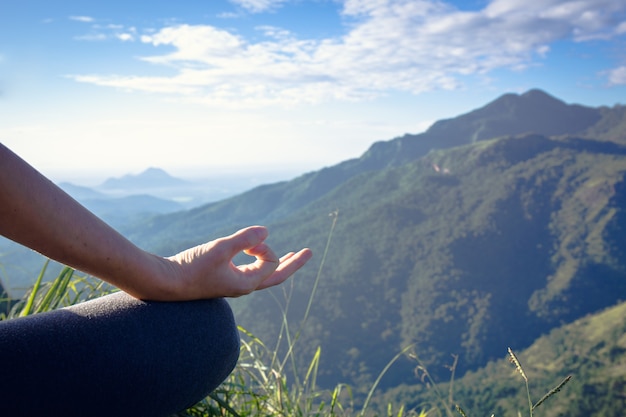 Photo young woman meditating on top of a mountain
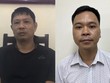 Bị can Bùi Quốc Việt (trái) và bị can Võ Việt Hùng. 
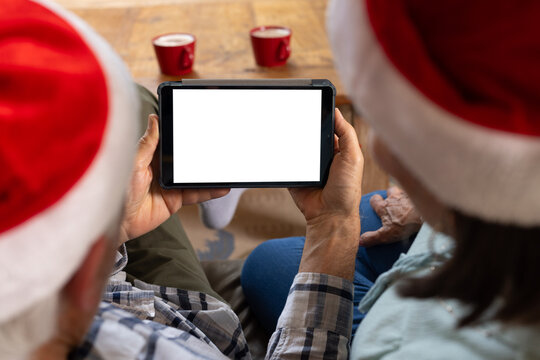 Senior couple wearing Santa hats using tablet at home during Christmas, copy space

§ §

> **TASK TO CARRY OUT**
Extract all the data above exactly, excluding every picture.

> **RESPONSE BOX**
 Photo young woman meditating on top of a mountain
 Bị can Bùi Quốc Việt (trái) và bị can Võ Việt Hùng. 
 Senior couple wearing Santa hats using tablet at home during Christmas, copy space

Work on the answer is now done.